C'est aux utilisateurs de faire attention et de mettre en sécurité leurs clés privées et personnelles, en utilisant des procédures 2FA entre autres. Ils doivent aussi être beaucoup plus responsables et faire un plus de recherche lorsqu'ils choisissent de d’échanger, acheter et vendre sur une plateforme spécifique.

Crypto-monnaies : comment construire la confiance ?

Pour moi, il y a des controverses et des confusions dans l’utilisation de la crypto-monnaie. Il est facile d'oublier qu’elle n'est pas fondamentalement illicite alors que ce sont les utilisateurs qui peuvent mal l'utiliser. Il n'est question que de réputation et d’image, car les crypto-monnaies ne sont pas "mauvaises" par essence.

Je me souviens avoir lu un article expliquant que plus de 80% des billets américains en circulation contenaient des traces de cocaïne. Ce n'est pas parce que les billets ont été utilisés pour des activités illicites que cet argent est fondamentalement mauvais. Pensez-y : l'argent, les cartes de crédit, les pièces d'identité peuvent être volées, vos comptes peuvent être piratés mais ça ne vous n’empêche pas d'utiliser ces moyens de paiement, car vous êtes couvert par des assurances, etc. Je crois que seule l'introduction progressive du bitcoin, de l'Ethereum (et d'autres) dans notre vie quotidienne pourrait contribuer à augmenter l'opinion positive du grand public.

Le paradoxe est là pour moi, car la clé pour que la Blockchain soit adoptée par tout le monde... c'est qu’elle soit adoptée par tout le monde. Afin d'arriver, à un niveau où vous avez confiance en ces méthodes de paiement, tout le monde doit commencer à l'utiliser. J'ai lu ici :  "Une fois que l'intégrité de la technologie et que le processus de trading sera assurée, les marchés deviendront plus sûrs."

Il est de la responsabilité de tous les acteurs de cette industrie d'avoir une bonne réglementation et d’y être attentif, car je doute que les crypto-monnaies cesseront d'être la cible des escrocs. Mais comme nous nous orientons vers plus de sécurité et une meilleure compréhension de son principe de fonctionnement de la blockchain, la fraude devrait être plus facile à contrôler. Les criminels se voyaient devenir intraçables, invisibles pour le système, ce qui n'est pas vrai ! Une étude réalisée en 2018 a montré que les experts en cybercriminalité sont en mesure d'identifier les identités criminelles en fonction de leurs pseudonymes et de les relier à des identités réelles. Rappelez-vous toujours que la plupart des projets de la blockchain sont publics. 

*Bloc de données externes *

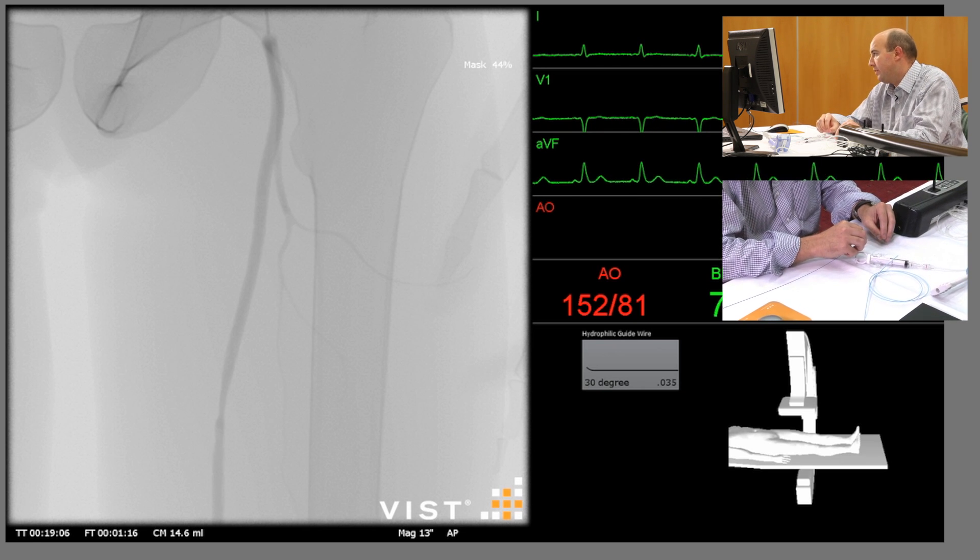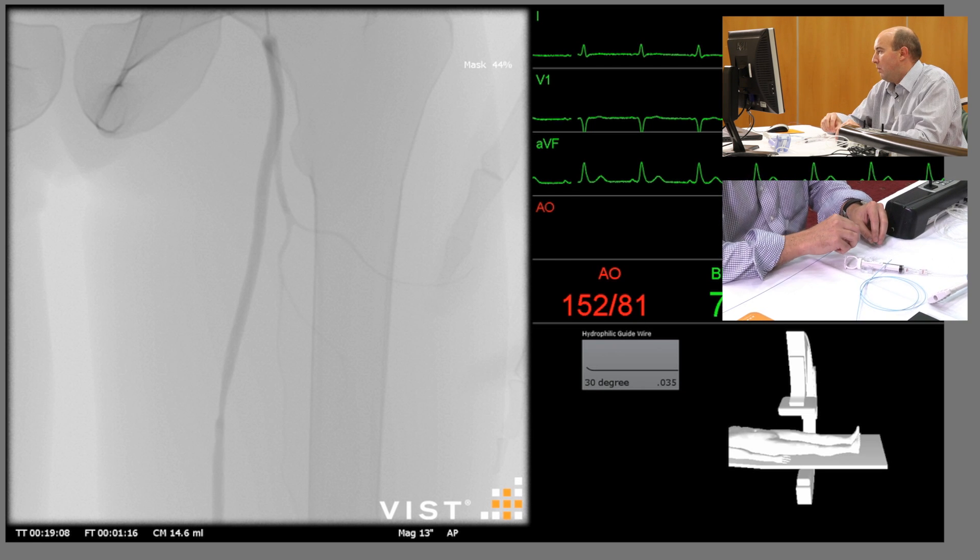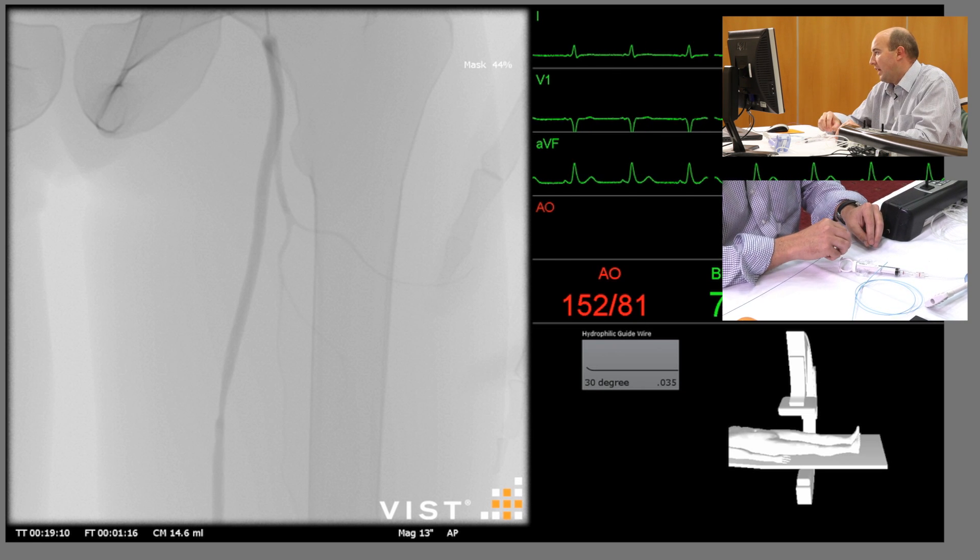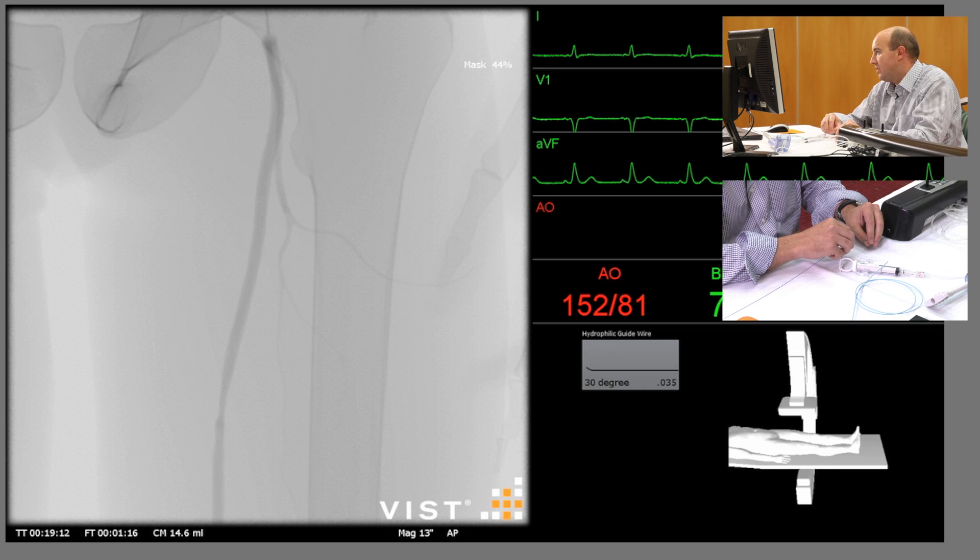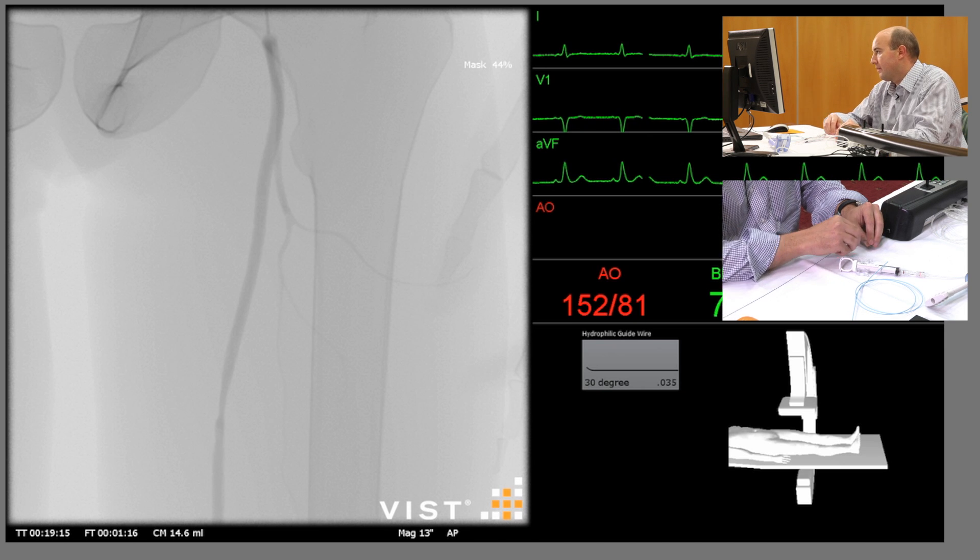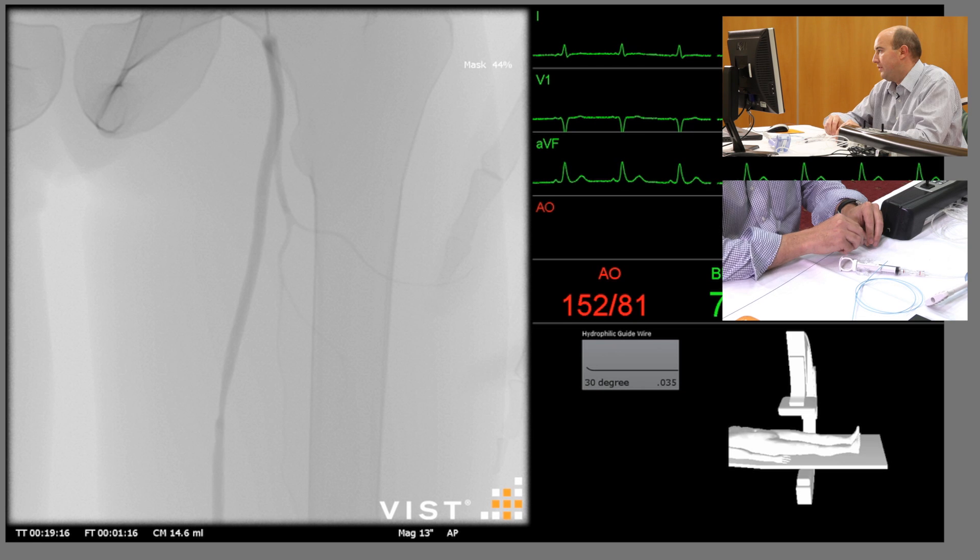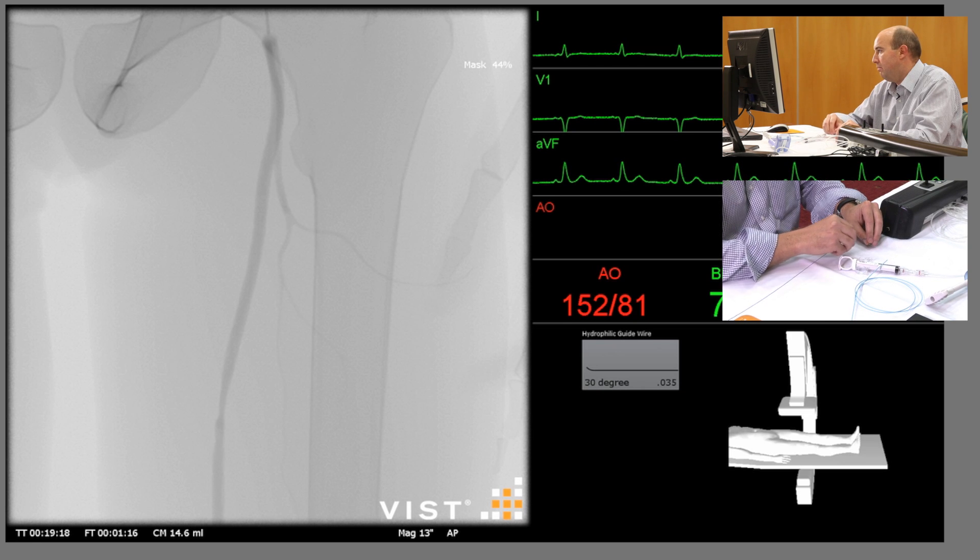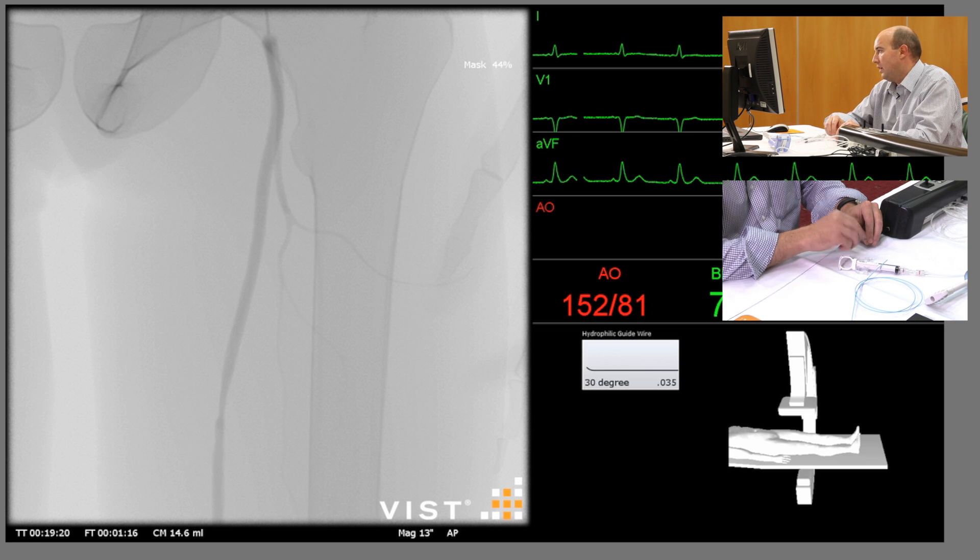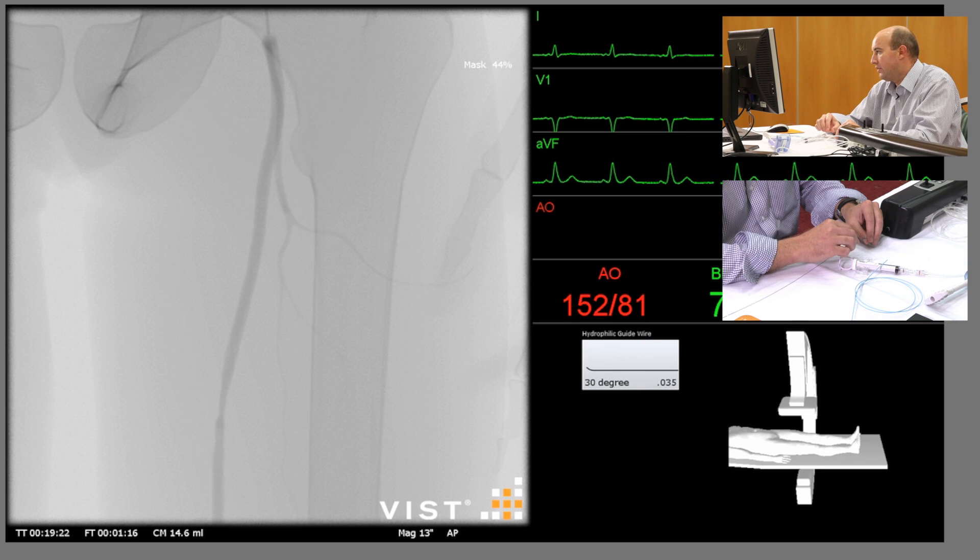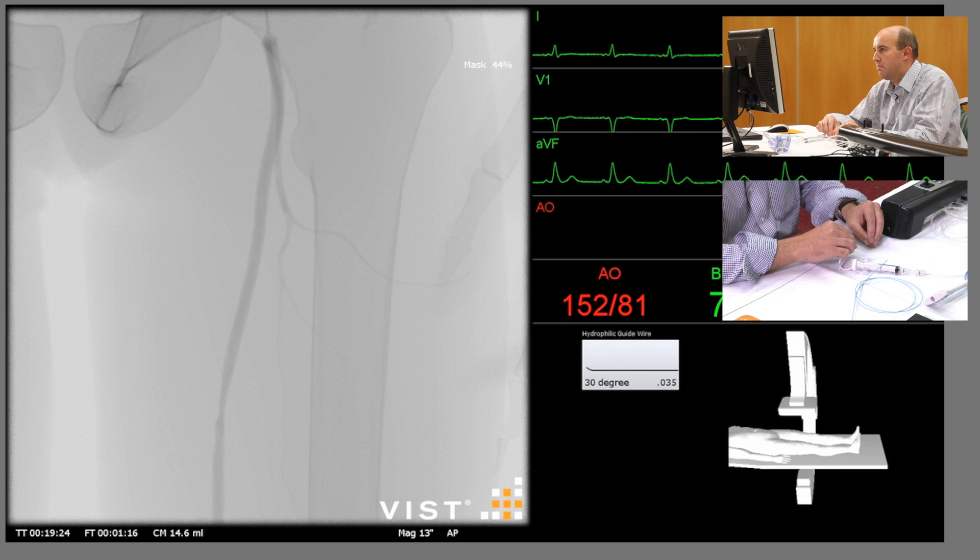If you look at the right-hand monitor underneath the blood pressure in the red, you can see a 30 degree wire selected. Once that lights up, that will show that it's engaged in the system. It's not currently lit up, and you have to feed a bit of wire in before it does so.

Matt Bisanz, réglementation des services financiers chez Mayer Brown :

"Nous devons encore en faire plus pour renforcer la confiance, là où les délits sont rares ou ont peu d'effet sur le consommateur. Quand on vous vole votre carte de crédit, vous n'arrêtez pas de l'utiliser. Son impact est faible. Tant que la crypto-monnaie n’arrivera pas à un niveau similaire et d’ici à ce que les gens soient couverts, on se posera toujours la question de la sécurité."

Quelle est la prochaine étape pour améliorer la réputation des crypto-monnaies ?

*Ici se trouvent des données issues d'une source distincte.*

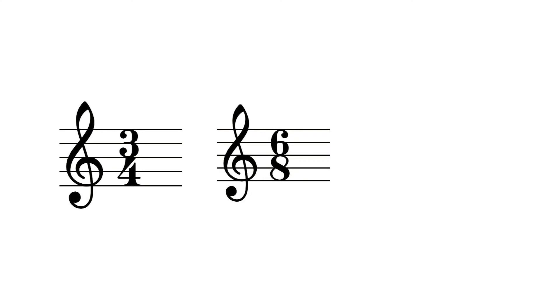However, some songs don't have 4 or 8 beats per measure. Some have 3, 6, or something completely different.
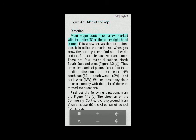Direction: Most maps contain an arrow marked with the letter N at the upper right-hand corner. This arrow shows the north direction and is called the north line. When you know the north, you can find out other directions, for example east, west and south. There are four major directions — north, south, east and west — shown in figure 4.2. They are called cardinal points.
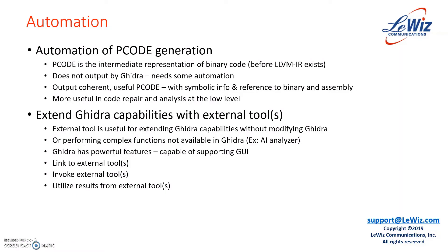There are scripts out there that do output some form of P-code, but for P-code to be very useful, the output needs to be coherent. It needs to contain symbolic information and it needs to be able to reference to the binary and assembly code to make it more useful in code repair and analysis at the low level.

Je crois vraiment que la blockchain a le pouvoir de transformer notre société. Mais même si l'adoption massive de cette technologie ne semble pas encore être pour demain, elle s’en rapproche de plus en plus.

C'est notre travail, en tant que communauté (de mineurs, de traders, d'entreprises, de passionnés) de construire et de respecter collectivement certaines bonnes pratiques, dans le but d’avoir une utilisation plus sûre des technologies de la blockchain.

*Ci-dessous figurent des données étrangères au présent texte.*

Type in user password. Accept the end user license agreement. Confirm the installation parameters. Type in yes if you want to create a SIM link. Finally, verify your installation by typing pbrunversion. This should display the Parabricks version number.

Nous devons aider le grand public à comprendre que derrière les crypto-monnaies, il y a un projet. Nous avons besoin d'eux pour savoir ce qui peut être réalisé et nous devons proposer des projets mûrs au lieu de se laisser entraîner par la dernière tendance, la dernière altcoin à la mode. Lorsque les gens réaliseront toutes les possibilités qui s’offrent à eux et qu’ils se sentiront plus à l'aise avec cette technologie, la blockchain pourra passer au niveau supérieur.